Linux SDR – Setting Up a Sound Server

For a few reasons, rather than program the sound card directly I’ve decided to work with JACK (the Jack Audio Connection Kit).  First, it provides a well defined interface and framework that hides the complexity of working directly with the sound card.  Second, there is a lot of software out there written to interface with JACK that will be useful for DSP work.  Finally, it runs on Windows and Mac OSX, which makes it possible to take the work done here and move it to a different platform.

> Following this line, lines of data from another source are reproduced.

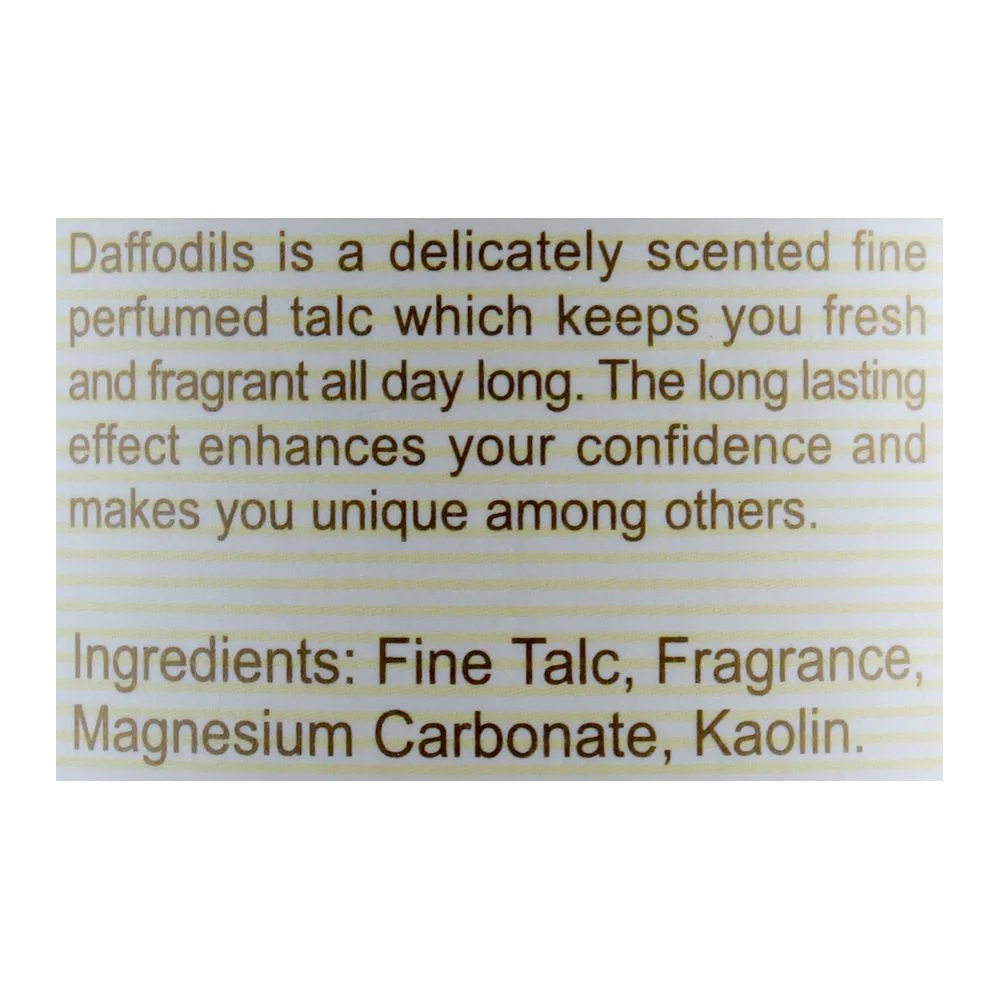 Comfortable casual daffodils radiance fine perfumed talcum powder, 125g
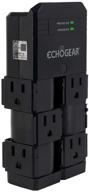 🔌 echogear on-wall surge protector - 6 pivoting ac outlets, 1080 joules surge protection - low profile design; install over existing outlets to safeguard your gear (black) logo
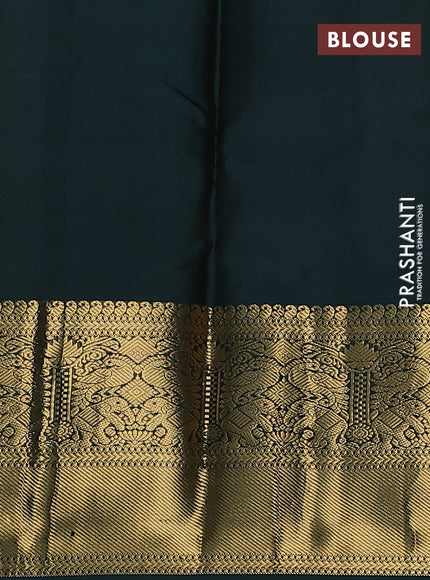 Pure kanchipuram silk saree yellow and green with zari woven buttas and long zari woven border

The easiest way to work with JACK is to use the QT Jack Control Interface.  To install it on EeeBuntu, select Applications : Add/Remove.  From the Add/Remove Applications window, select Sound and Video.  Scroll down to the JACK Control entry and check the box, then click Apply Changes.

Add/Remove Applications

To start the server, select Applications : Sound & Video : JACK Control.

Click on the Setup button to configure the control.  Uncheck the Realtime parameter and set the Input and Output devices to the proper hardware interface.  The proper interface can be identified by executing the command

aplay -l

and reading the card number.

To start the server, click the Start button.  If everything is ok it will start without error.  If it does not, look in the Messages window to see why.

In my case, the server would not start because it did not recognize the USB audio card.  This was confusing since card was plugged in and the aplay command showed it listed.  However, after a while, I noticed it was listed as only a USB audio device.  When I unplugged and replugged the USB cord it came up as Transit USB and the server started with no problem.